[RECORDS FOR THE TASK]
--------------------
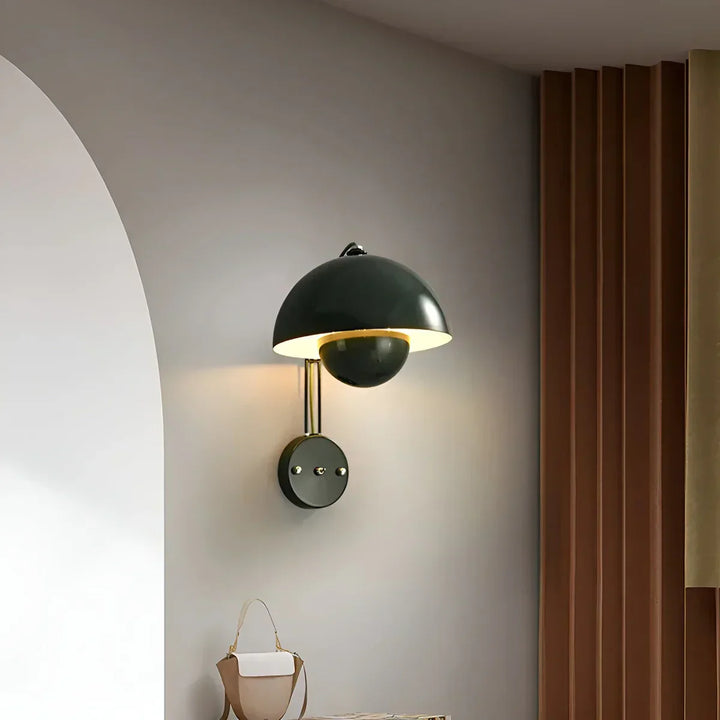 Lisslune | BudLume - Mushroom Light Cozy Scandinavian Wall Lamp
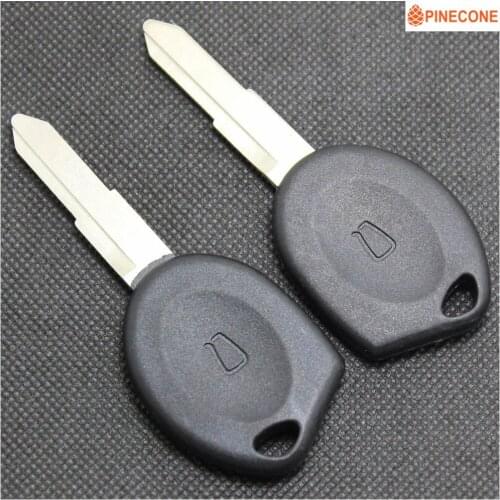 PINECONE for WulingZhiguang Car Key Case Uncut Brass Blade Replace Emergency Key Shell Casing Fob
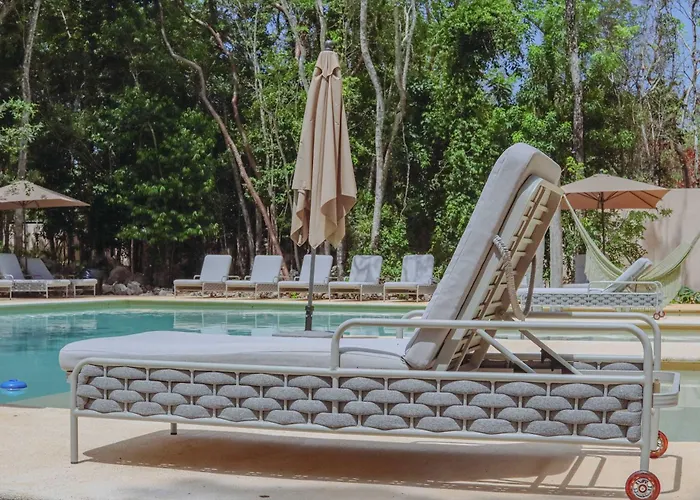 1st Flr Chic Jungle 1br Priv Pool Steam & Gym Tulum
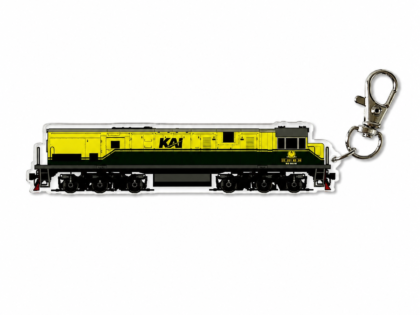 Gantungan Kunci Lokomotif Kereta Api Seri CC 201 Vintage Livery Side View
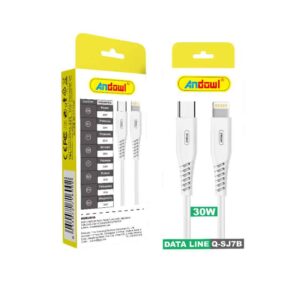 Andowl Καλώδιο δεδομένων Type-c σε Lightning 30W Q-SJ7B - Data Cable - sukki.gr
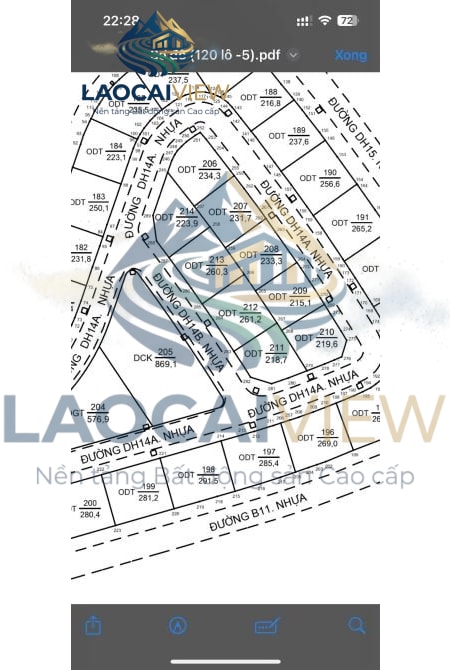 Hình ảnh bất động sản liên quan: Bán Đất Biệt Thự B9 Cam Đường Lào Cai 260m2 Mặt Tiền 10m Sổ Đỏ Sẵn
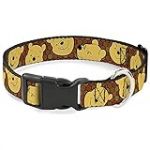 Buckle Down Winnie The Pooh Expressions/Nid d'abeille Noir/Browns Plastique Clip Collier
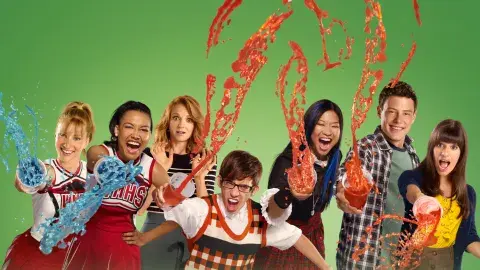 Foto del elenco de Glee. Foto del elenco de Glee.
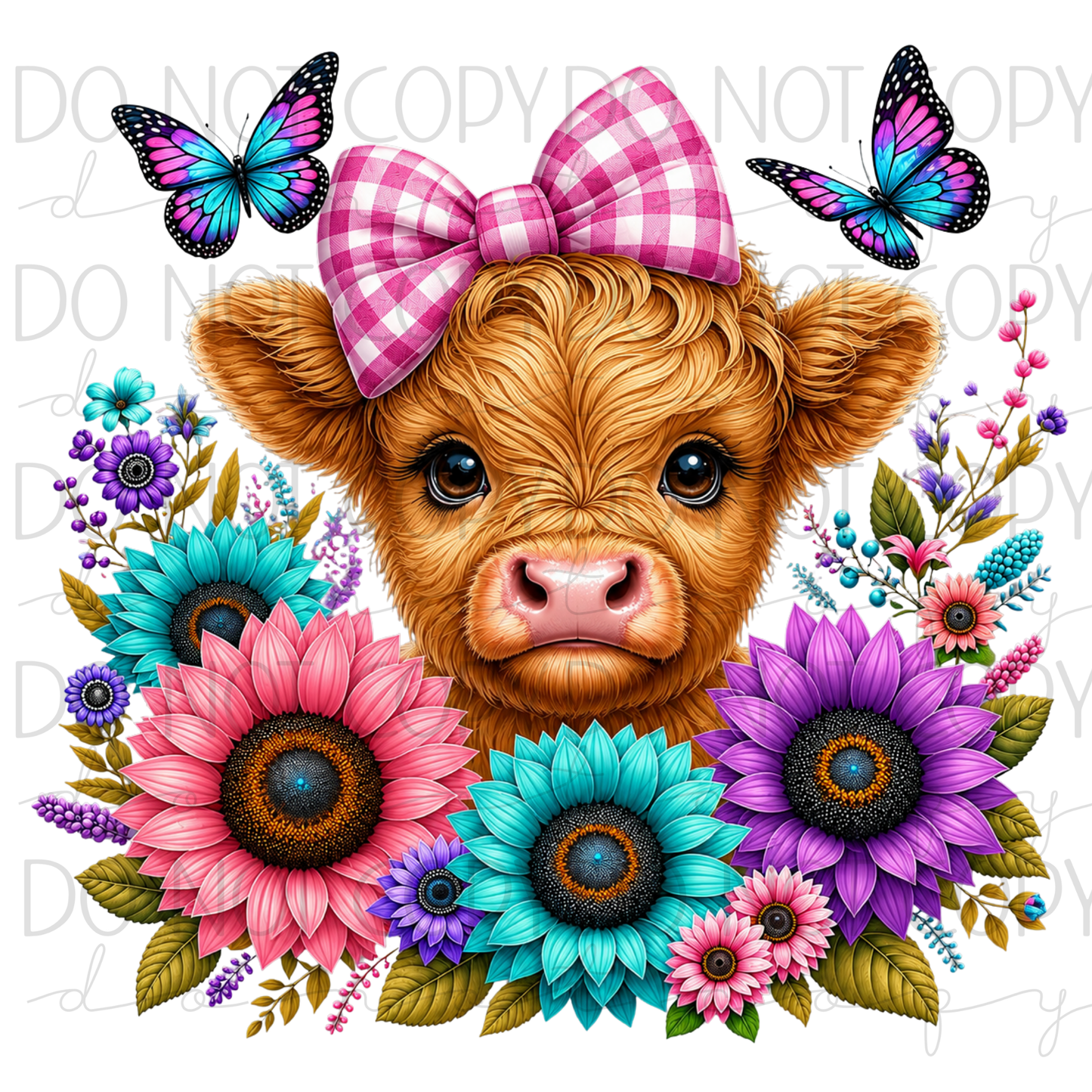 DTF TRANSFER|BUTTERFLY COW|345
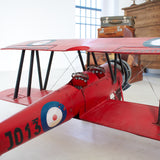 Aereo in lamiera Red Baron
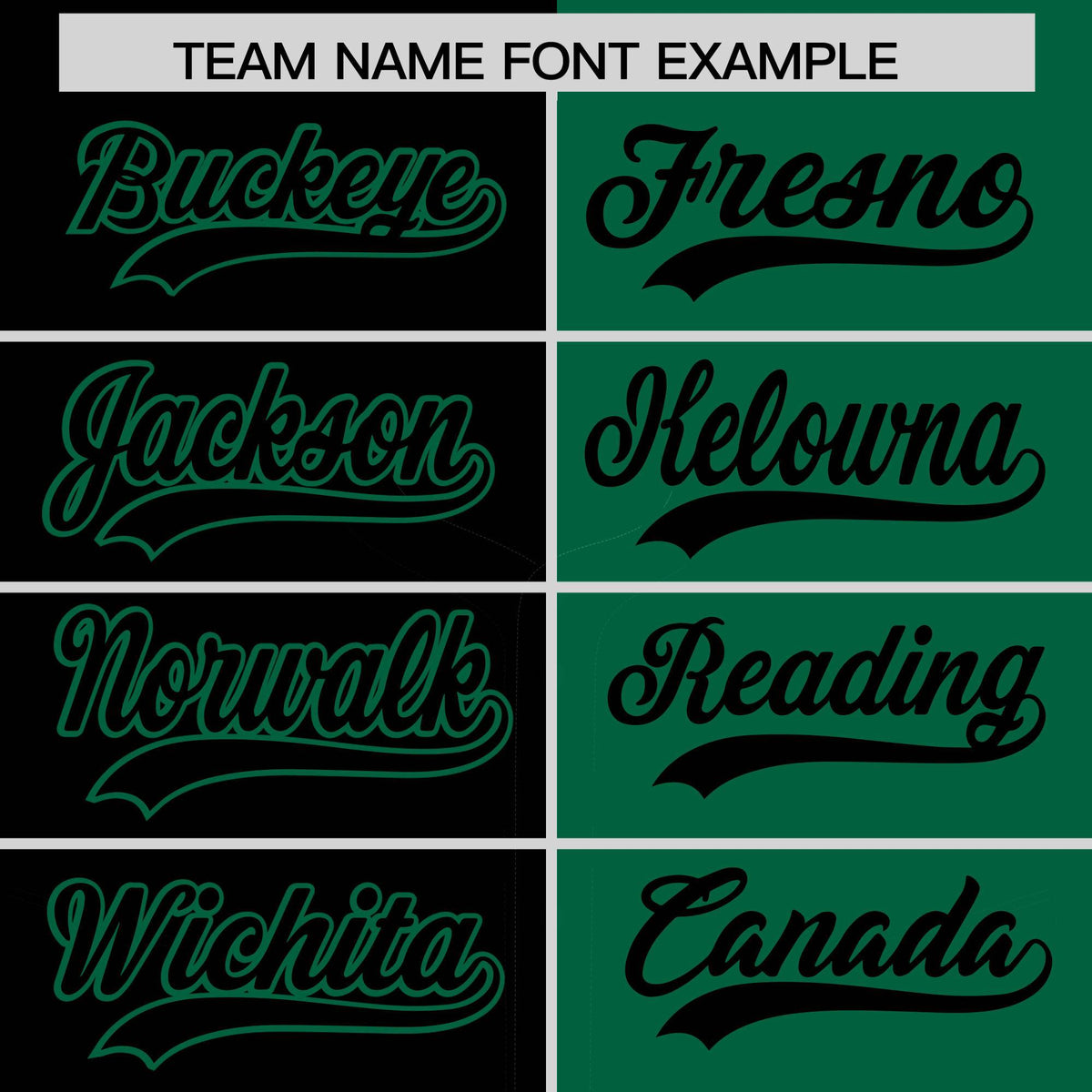 Custom Black Kelly Green Split Fashion Coconut Tree Design Authentic Baseball Jersey| KXKSHOP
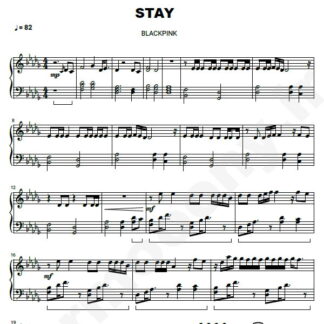 نت پیانو stay blackpink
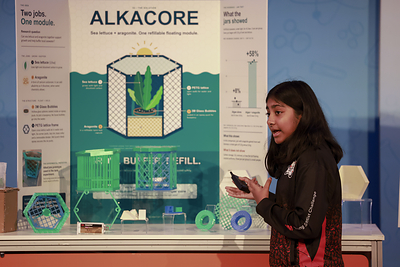 8th grader Raji Doshi is the winner of the 2026 3M Young Scientist Challenge, the nation’s premier middle school science competition. She won by engineering a natural algae-and-aragonite system, an inventive solution to address ocean acidification by increasing alkalinity and removing carbon dioxide from seawater. 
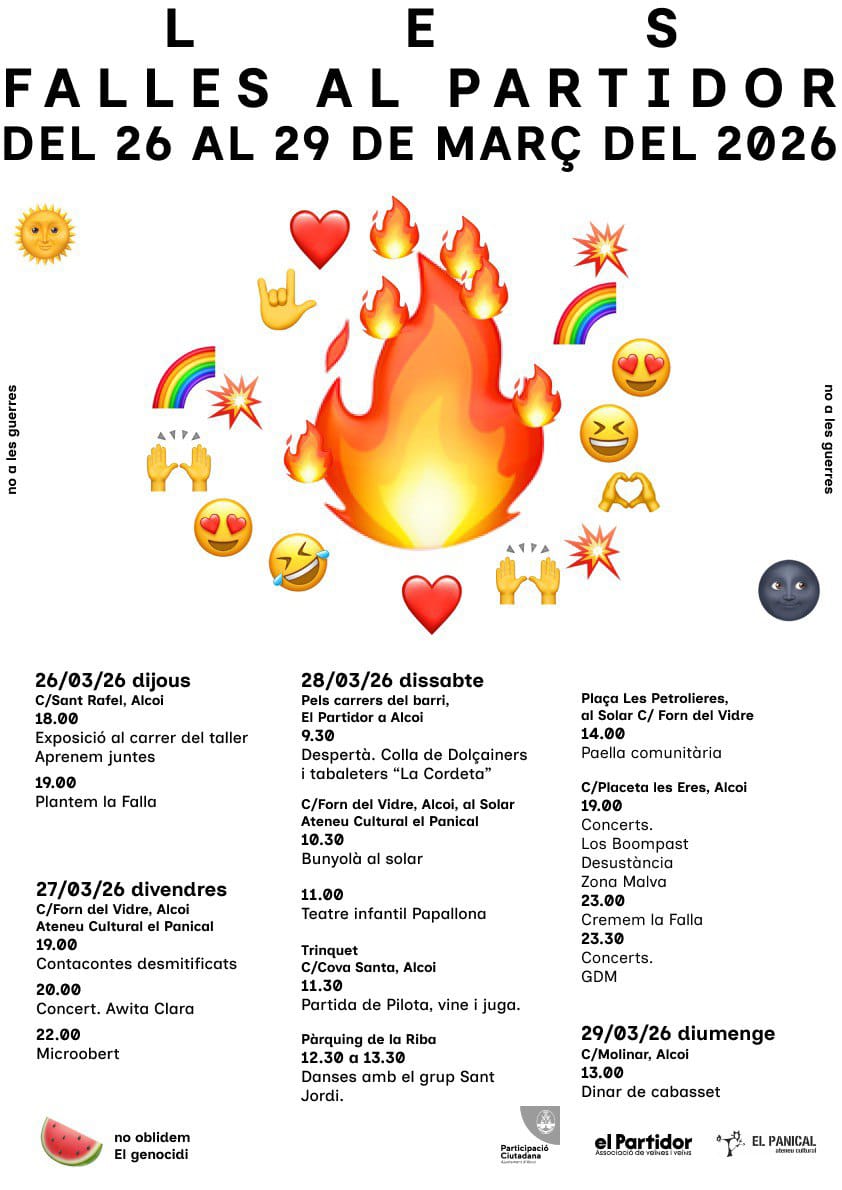 Cartell Festes Partidor 2026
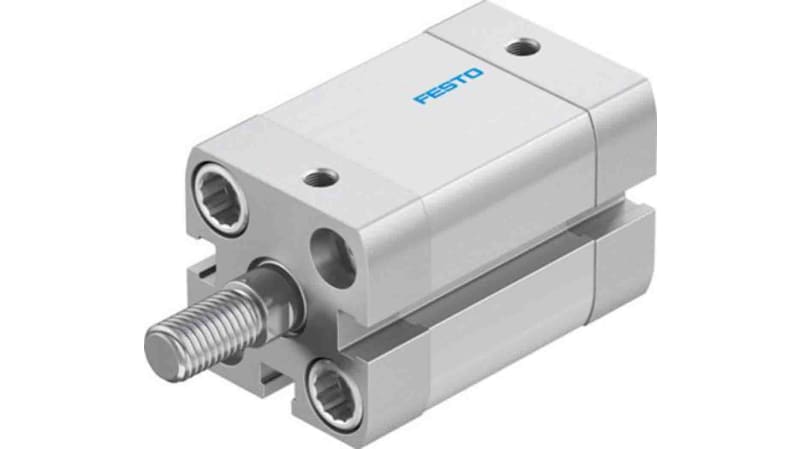 Festo Pneumatic Compact Cylinder 20mm Bore, 20mm Stroke, ADN Series, Double Acting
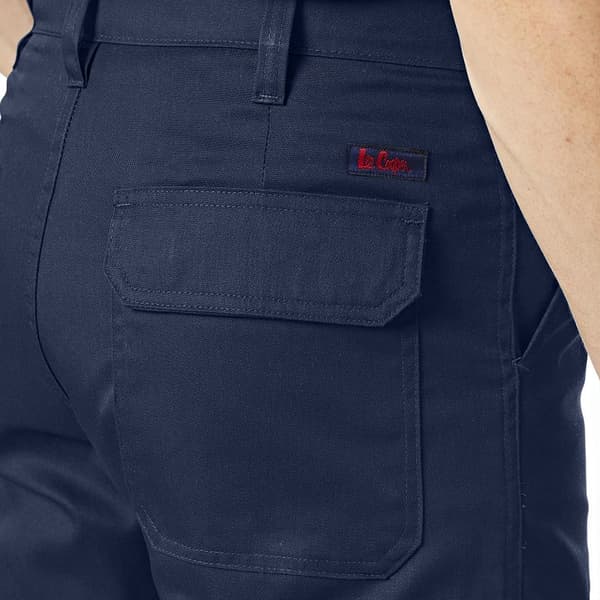 Lee Cooper Herr Enfärgade Cargobyxor 40S Marinblå Navy 40S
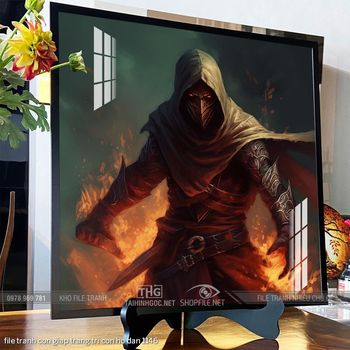 file tranh con giap trang tri con ho dan 1146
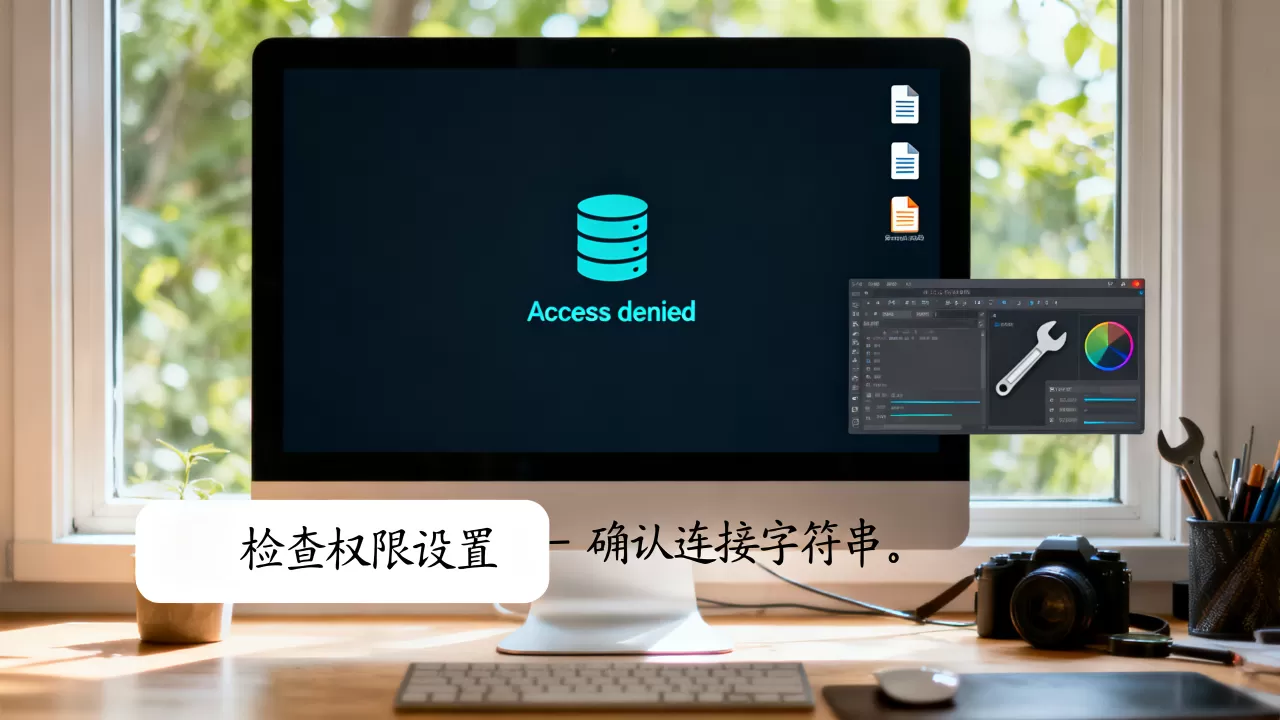 Access数据库连接报错Access denied怎么办？如何修复数据库拒绝访问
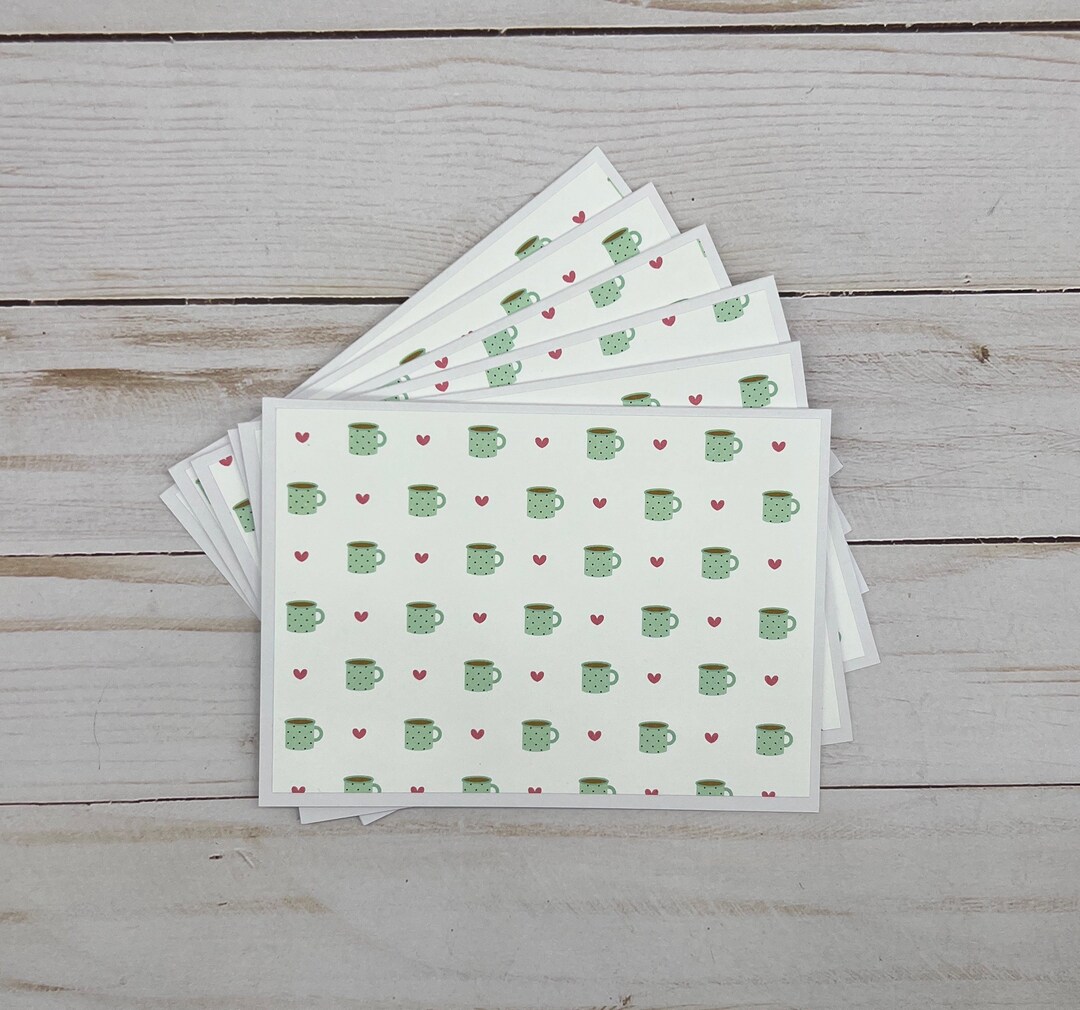 Handmade Note Cards Set of 6 ~ All Occasion ~ Coffee Lovers ~ Mugs ...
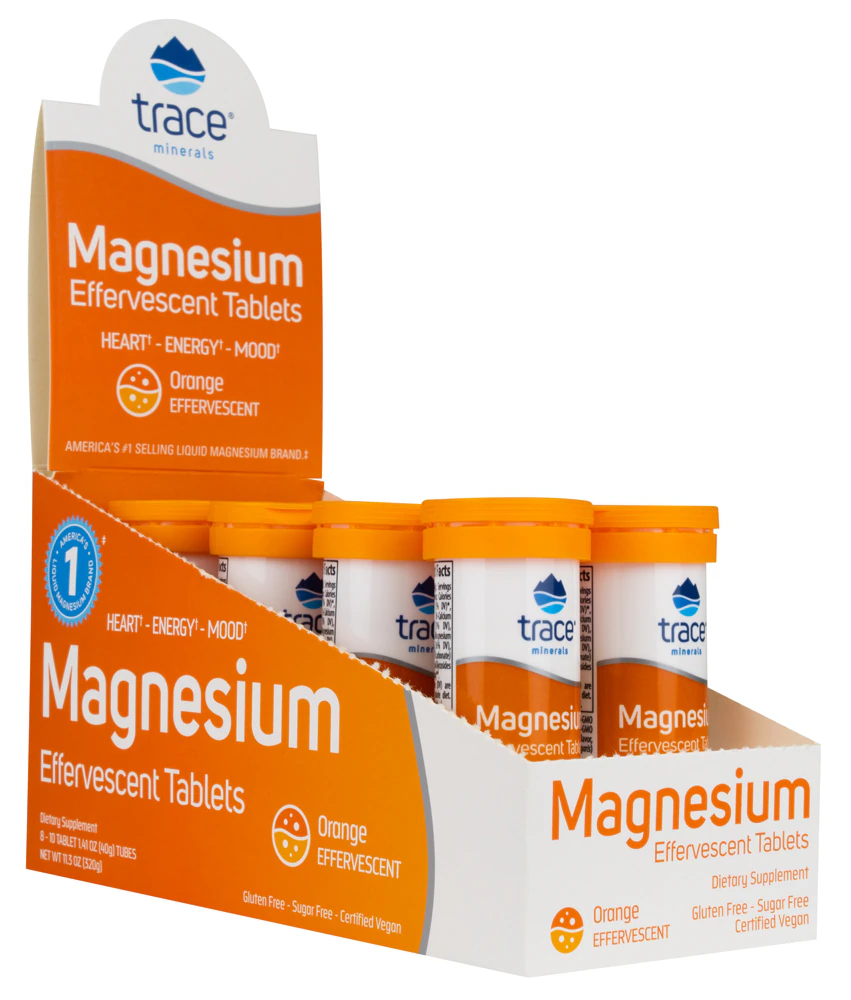 Trace Minerals Research Magnesium Effervescent Tablets Orange -- 80 Tablets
--------------------
[WHAT YOU SHOULD DO] Each line from the one containing "Lee Cooper Herr" through the end of the listing is to be set down exactly, with all pictures left out.

[OUTPUT BELOW]
 Lee Cooper Herr Enfärgade Cargobyxor 40S Marinblå Navy 40S
 file tranh con giap trang tri con ho dan 1146
 Access数据库连接报错Access denied怎么办？如何修复数据库拒绝访问
 Handmade Note Cards Set of 6 ~ All Occasion ~ Coffee Lovers ~ Mugs ...
 Trace Minerals Research Magnesium Effervescent Tablets Orange -- 80 Tablets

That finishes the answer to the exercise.